Free agent pickup Michael Johnson is expected to develop into this defense’s Simeon Rice. He’s getting back to breathing down quarterbacks’ necks before striking and bringing them down to the ground for the sack. Adrian Clayborn, entering his 4th season in Tampa, has moved over to the left defensive end position in an effort to maximize his production. He’s struggled against opposing left tackles in the past (which tends to be the strongest player on the offensive line), so the Buccaneers are hoping that he’ll have a lot more success going against right tackles.
Hopefully he does, as Bucs fans are dying for a taste of something that will get them excited.
With optimism for the offense being the lowest it has been in a long while, those fans might have to depend on Tampa Bay’s defense. And as we all know, the pass rush is an integral part of the world famous Tampa 2 defense. With Gerald McCoy as this defense’s leader, and Lavonte David tackling everything in sight, the Bucs’ front seven needs some production from the defensive end position to ensure that this team will be feared by opposing offense’s all season long.
One big reason why these ends are needed more than ever is the team’s secondary. Alterraun Verner, who was signed to replace Darrelle Revis, has been injured for most of training with a hamstring injury, and will make his 2014 debut this Saturday. With he and fellow cornerback Mike Jenkins both injured, the Buccaneers will have to rattle opposing quarterbacks to ensure that passes won’t reach their intended target, even if the corner has been beaten on the play.
Another reason, which might be completely selfish, is excitement. I miss the days when we could count on Simeon Rice to make the quarterback’s world a living hell as soon as he dropped back to pass. Sacks, strips, fumbles, recoveries, passes batted at the line…I miss them all.

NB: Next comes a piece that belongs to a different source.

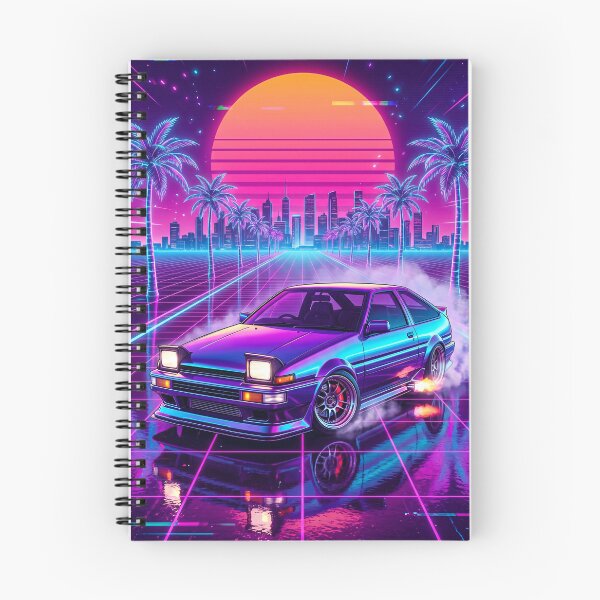 Item preview, Synthwave JDM Pop Up Headlight Drifter Graphic Design designed and sold by RevUpDesign.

In a Tampa 2 defense, as a I mentioned before, the defensive end position is vital. We all saw Ryan Tannehill and Matt Moore find holes in the Bucs’ zone, and that will continue to happen if the pressure doesn’t get to the quarterback in time. In today’s NFL, you cannot expect a linebacker to cover his man over the middle of the field, especially if he has to keep the play in front of him in a zone defense. The key is timing the play right to either knock the pass down, or just ensure that the receiver can’t advance any further. With great play from the defensive ends, the timing becomes disrupted for the offense. The button hooks aren’t as crisp. The quarterback’s steps aren’t as decisive. The throw isn’t as sharp or accurate. Everything changes, and the linebackers, cornerbacks, and safeties are all chomping at the bit to catch a wobbling duck over the middle.
Looking at the players specifically, this season means so much for Johnson and Clayborn. Johnson is looking to prove to the Buccaneers that he was worth the investment. His big time contract came after a disappointing final season with the Cincinnati Bengals, in which he only recorded 3.5 sacks. He’ll need to regain his prime form, if only to keep Bucs fans from becoming critics.
And then there is Clayborn, who hasn’t panned out as the Buccaneers thought he would since day one. He’s battled injuries, and dealt with poor coaching his entire career. Now, with a new position, and Lovie Smith controlling his fate, the former Iowa standout must show what he is capable of. He’s in the final year of his contract with Tampa Bay, so for him, it is now or never.
If they falter, then the Bucs will once again enter an offseason with a need at defensive end.
If they succeed, however, then the Buccaneers’ defense could become a force to be reckoned with.